Nessun intento complottistico o dietrologico in questa riflessione. Ma una semplice e banale considerazione. Che cosa vuole il cittadino per capire che cosa sta succedendo? Che vengano dette cose sensate, vengano spiegate con semplicità quelle che devono essere affrontate, che a domande complesse vengano date risposte adeguate e non semplicistiche. Che si dica quali sono gli intenti, le finalità, le questioni aperte, le esigenze da non dimenticare, gli interventi irrinunciabili per mantenere al Paese il livello di una tra le maggiori economie mondiali pur nella sua debolezza e nella sua atavica difficoltà di insieme. Che si indichino le responsabilità e i responsabili dei capitoli più importanti di questo cammino da fare, che si evidenzino i doveri e i diritti di ognuno, che ci si rivolga al paese e ai cittadini come soggetti maturi, capaci di assumere responsabilità.

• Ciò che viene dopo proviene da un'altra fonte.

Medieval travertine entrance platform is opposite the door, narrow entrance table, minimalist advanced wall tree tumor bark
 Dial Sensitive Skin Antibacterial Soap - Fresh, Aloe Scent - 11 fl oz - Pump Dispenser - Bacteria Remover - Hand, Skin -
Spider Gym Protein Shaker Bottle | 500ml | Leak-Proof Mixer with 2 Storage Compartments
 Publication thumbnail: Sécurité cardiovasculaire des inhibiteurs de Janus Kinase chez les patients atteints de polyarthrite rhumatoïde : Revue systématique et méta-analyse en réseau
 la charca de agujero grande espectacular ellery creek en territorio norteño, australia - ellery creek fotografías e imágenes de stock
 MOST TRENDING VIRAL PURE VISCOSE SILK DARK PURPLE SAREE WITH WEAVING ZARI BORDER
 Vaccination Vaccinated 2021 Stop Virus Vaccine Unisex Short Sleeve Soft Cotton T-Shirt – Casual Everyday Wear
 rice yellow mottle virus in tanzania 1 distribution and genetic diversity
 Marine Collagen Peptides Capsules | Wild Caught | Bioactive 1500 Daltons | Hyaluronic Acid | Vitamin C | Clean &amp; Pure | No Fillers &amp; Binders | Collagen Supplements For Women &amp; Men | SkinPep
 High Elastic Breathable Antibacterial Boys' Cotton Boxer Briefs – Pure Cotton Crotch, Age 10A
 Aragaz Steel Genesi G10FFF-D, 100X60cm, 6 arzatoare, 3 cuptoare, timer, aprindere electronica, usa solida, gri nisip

L’occasione di una forte iniezione di risorse provocata dalla pandemia ma che ha anche mostrato la possibilità di cambiare approccio ai problemi dovrebbe indurre ad una chiarezza senza precedenti, alla semplificazione massima dei processi decisionali, alla linearità delle cose da fare. Accade tutto questo? A giudicare dal dibattito politico, anche al netto delle buone disponibilità ed intenzioni positive di molti non sembra esattamente così. La sensazione che emerge è che siamo sempre nella stessa logica spartitoria, nella stessa miopia inversamente proporzionale alla quantità dei mezzi a disposizione. Che si pensi più a come governare e gestire che a realizzare le novità che questa condizione nuova ci permetterebbe. Con un colpo al cerchio e uno alla botte, ossia il classico da tutti aborrito della prima repubblica, ma anche segno distintivo del nostro modo di essere meno positivo nel corso del tempo. Esattamente il contrario del colpo d’ala che sarebbe opportuno, ma ancor più necessario. Secoli di ritardi e di storture non si superano in un colpo solo, ma cominciare senza ipocrisie a parlarne e a decidere di conseguenza, essendo a parole tutti concordi su molti dei nodi da sciogliere, sarebbe un primo buon punto di partenza. Quanto accade intorno a noi mostra poco di questa attitudine, molto invece dei vecchi mali e dei vecchi vizi. Alla faccia del nuovo che doveva avanzare!